Work to be completed: Nothing but a verbatim copy of the data, minus the images, should be returned.

──────── Collected data ────────

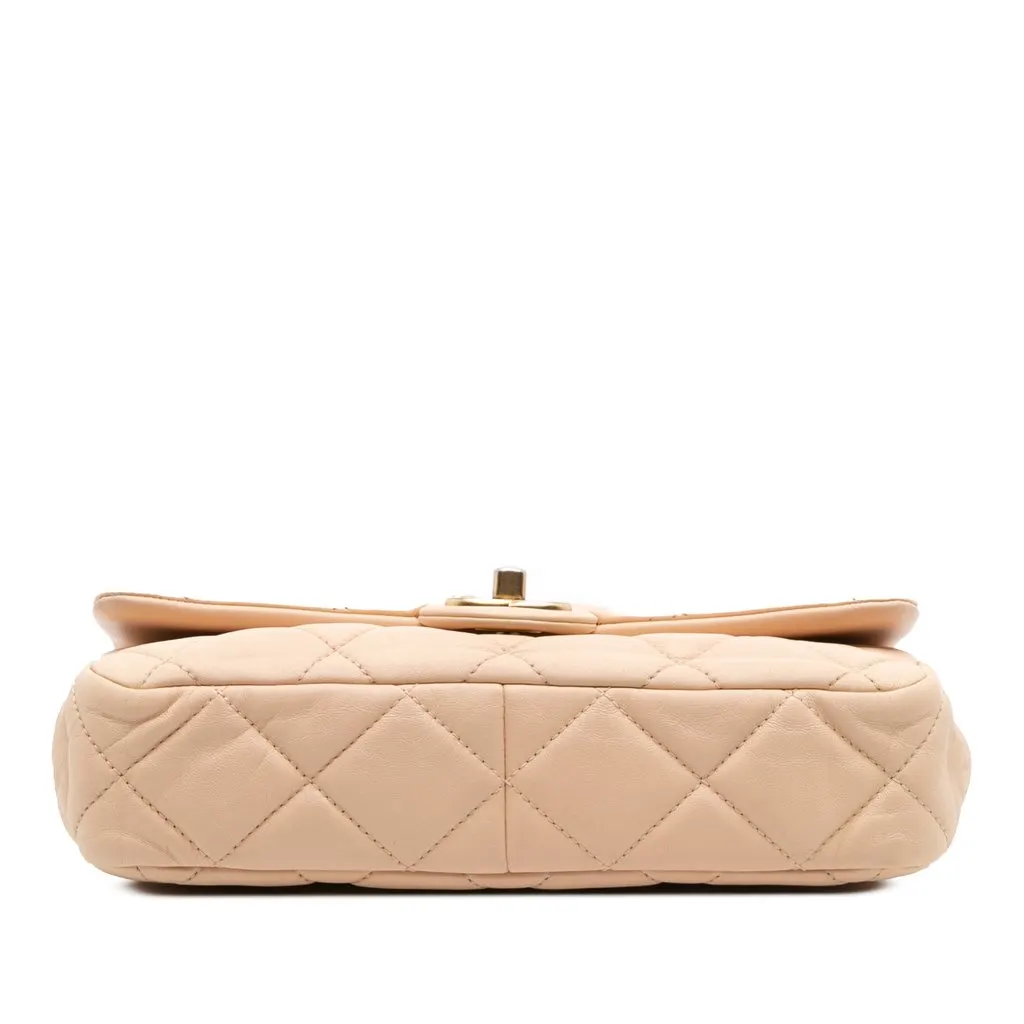 Chanel Quilted Lambskin Fancy Jewel Single Flap Beige Leather Good - Inside View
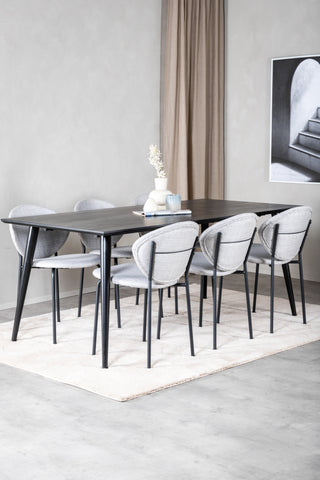 Venture Home Dipp Matbord - 180*90cm - Svart faner / helt svarta ben +Vault Dining Cha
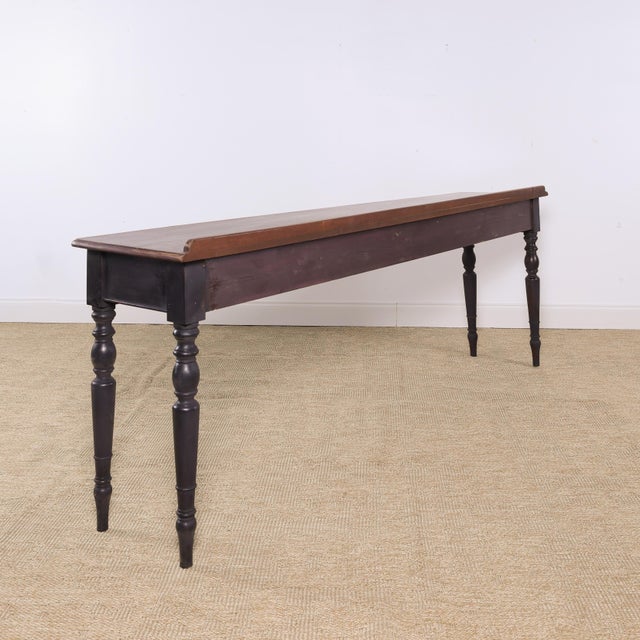 Late 19th Century Antique 92" Mahogany Serving Console Table With Ebonized Turned Legs, Circa 1880 For Sale - Image 5 of 5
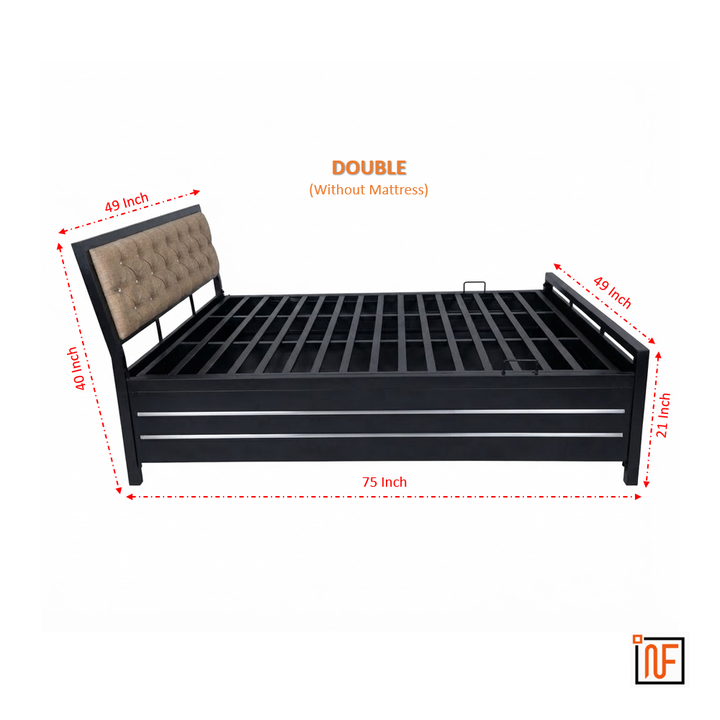 MIRABILIS NAMARIQ: Sanctuary Wrought Iron Metal Bed – With Hydraulic Box Storage & Headboard Cushion – Water Resistant & Anti-Rust Powder Coated Finish - BLACK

────────

Answer space:
 Chanel Quilted Lambskin Fancy Jewel Single Flap Beige Leather Good - Inside View
 Venture Home Dipp Matbord - 180*90cm - Svart faner / helt svarta ben +Vault Dining Cha
 Late 19th Century Antique 92" Mahogany Serving Console Table With Ebonized Turned Legs, Circa 1880 For Sale - Image 5 of 5
 MIRABILIS NAMARIQ: Sanctuary Wrought Iron Metal Bed – With Hydraulic Box Storage & Headboard Cushion – Water Resistant & Anti-Rust Powder Coated Finish - BLACK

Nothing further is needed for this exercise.